Vertreter der Bundeszahnärztekammer machten jedoch unmissverständlich klar: Eine schnelle Anerkennung von ausländischen Diplomen darf nicht zu einem blinden Durchwinken werden. Wenn Ausbildungsstandards aus Drittstaaten nicht mit den strengen europäischen und deutschen Vorgaben vergleichbar sind, drohen fatale Konsequenzen für die Qualität der Behandlungen.

Die Kernforderungen der Experten

Um das hohe Niveau der medizinischen und pflegerischen Versorgung in Deutschland aufrechtzuerhalten, pocht die Standesvertretung auf klare rote Linien.

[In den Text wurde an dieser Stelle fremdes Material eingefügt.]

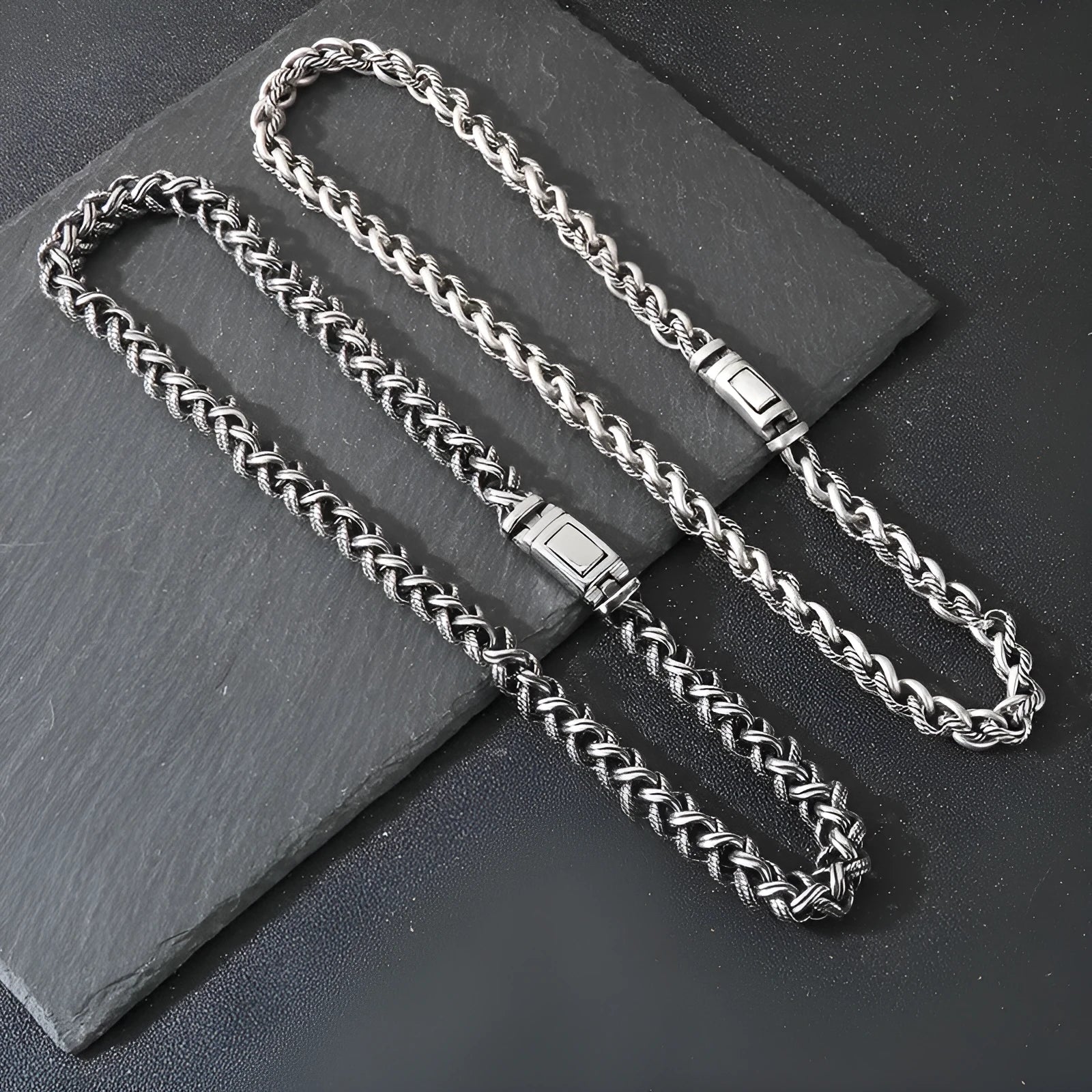 Men's antique silver titanium steel keel chain necklace with geometric twist design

Zu den wichtigsten Forderungen gehören:

  • Strenge Gleichwertigkeitsprüfungen: Fachliche Qualifikationen aus Drittstaaten müssen detailliert und kompromisslos auf ihre Äquivalenz zu deutschen Standards geprüft werden.
  • Nachweis von Sprachkenntnissen: Eine fehlerfreie Kommunikation zwischen Behandelnden und Patienten ist essenziell, um Missverständnisse und daraus resultierende Behandlungsfehler zu vermeiden.
  • Patientenschutz als oberste Priorität: Wirtschaftliche Interessen oder der Druck, offene Stellen schnell zu besetzen, dürfen niemals über der Sicherheit der Patienten stehen.

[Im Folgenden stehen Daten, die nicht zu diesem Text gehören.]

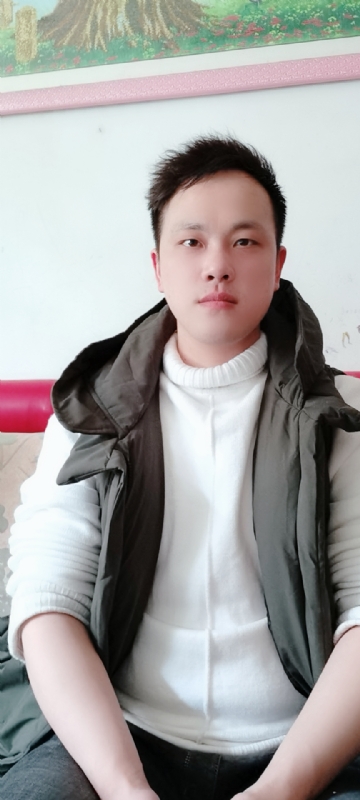 执子之手的第一张照片--龙岩相亲服务中心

Ein Warnsignal für das gesamte Gesundheitssystem

Die Bedenken der Zahnärzteschaft lassen sich nahtlos auf andere Bereiche des Gesundheitswesens übertragen. Auch in der Pflege und in Krankenhäusern wird händeringend nach Personal aus dem Ausland gesucht. Die Debatte um die EU-Berufsanerkennungsrichtlinie zeigt exemplarisch das Dilemma, in dem sich die Politik aktuell befindet: Wie lässt sich der dringend benötigte Zuzug von Fachkräften fördern, ohne das Vertrauen der Bevölkerung in ein sicheres und hochqualitatives Gesundheitssystem zu gefährden?

Für Patienten und Pflegebedürftige in Deutschland ist die Botschaft der Bundeszahnärztekammer ein wichtiges Signal. Es unterstreicht, dass medizinische und pflegerische Standards ein hohes Gut sind, das es in Zeiten des demografischen Wandels und des Personalmangels mehr denn je zu verteidigen gilt. Die kommenden Monate werden zeigen, wie die Europäische Union diesen schwierigen Spagat in ihrer endgültigen Richtlinie meistern will.